Success in the mobile advertising industry is achieved by delivering contextual ads in the moment. The faster and more personalized a display ad, the better. Any delay in ad delivery means lost bids, revenue, and ultimately, customers.
Manage, a technology company specializing in programmatic mobile marketing and advertising, helps drive mobile application adoption for companies like Uber, Wish, and Amazon. In a single day, Manage generates more than a terabyte of data and processes more than 30 billion bid requests. Manage analyzes this data to know which impressions to buy on behalf of advertisers and uses machine learning models to predict the probability of clicks, app installs, and purchases.
Managing Data at Scale
At the start, Manage used MySQL to power their underlying statistics pipeline, but quickly ran into scaling issues as data volume grew. Manage then turned to Hadoop coupled with Apache Hive and Kafka for data management, analysis, and real-time data feeds. However, even with this optimized data architecture, Manage found that Hive was slow and caused hours of delay in data pipelines.

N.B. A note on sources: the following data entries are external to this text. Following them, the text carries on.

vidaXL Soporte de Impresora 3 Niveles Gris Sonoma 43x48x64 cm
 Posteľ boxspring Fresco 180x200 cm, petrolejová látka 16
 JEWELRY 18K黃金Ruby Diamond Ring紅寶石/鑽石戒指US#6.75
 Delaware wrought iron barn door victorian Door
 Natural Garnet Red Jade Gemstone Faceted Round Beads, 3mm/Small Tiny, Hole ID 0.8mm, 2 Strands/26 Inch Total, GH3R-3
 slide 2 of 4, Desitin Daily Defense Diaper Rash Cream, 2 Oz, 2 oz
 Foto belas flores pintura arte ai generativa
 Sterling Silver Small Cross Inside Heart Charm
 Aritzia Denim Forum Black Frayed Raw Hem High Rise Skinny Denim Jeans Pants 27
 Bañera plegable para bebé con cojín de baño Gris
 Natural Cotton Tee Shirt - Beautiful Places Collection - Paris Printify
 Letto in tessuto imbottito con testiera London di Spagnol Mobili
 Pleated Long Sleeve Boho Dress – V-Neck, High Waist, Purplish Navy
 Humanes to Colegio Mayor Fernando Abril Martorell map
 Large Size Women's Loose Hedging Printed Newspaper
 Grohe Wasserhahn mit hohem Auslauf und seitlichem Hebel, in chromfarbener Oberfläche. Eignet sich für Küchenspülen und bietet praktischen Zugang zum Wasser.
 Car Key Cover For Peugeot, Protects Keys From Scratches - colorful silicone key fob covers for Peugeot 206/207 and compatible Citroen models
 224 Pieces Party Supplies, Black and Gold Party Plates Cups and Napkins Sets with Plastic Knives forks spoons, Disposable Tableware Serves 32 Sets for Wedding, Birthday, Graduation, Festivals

To meet customer expectations, Manage needed a solution that could deliver fresh data for reporting, while concurrently allowing their analytics team to run ad hoc queries. Kai Sung, Manage CTO and co-founder began the search for a faster database platform, and found MemSQL. The Manage team quickly started prototyping on MemSQL, and was in production within a few months.
Streaming Log Data from Apache Kafka
Manage uses MemSQL Streamliner, an Apache Spark solution, to first stream log data from Apache Kafka, then store it in the MemSQL columnstore for further processing. As new data arrives, the pipeline de-duplicates data and aggregates it into various summary tables within MemSQL. This data is then made available to an external reporting dashboard and reporting API. With this architecture, manage has a highly scalable, real-time data pipeline that ingests data and summarizes data as fast as it is produced.
10x Faster Data
After implementing MemSQL, Manage was able to reduce the delay in data freshness from two hours down to 10 to 15 minutes. With MemSQL, the Manage team now has the ability to run analytics much faster and can react to marketplace changes in the moment.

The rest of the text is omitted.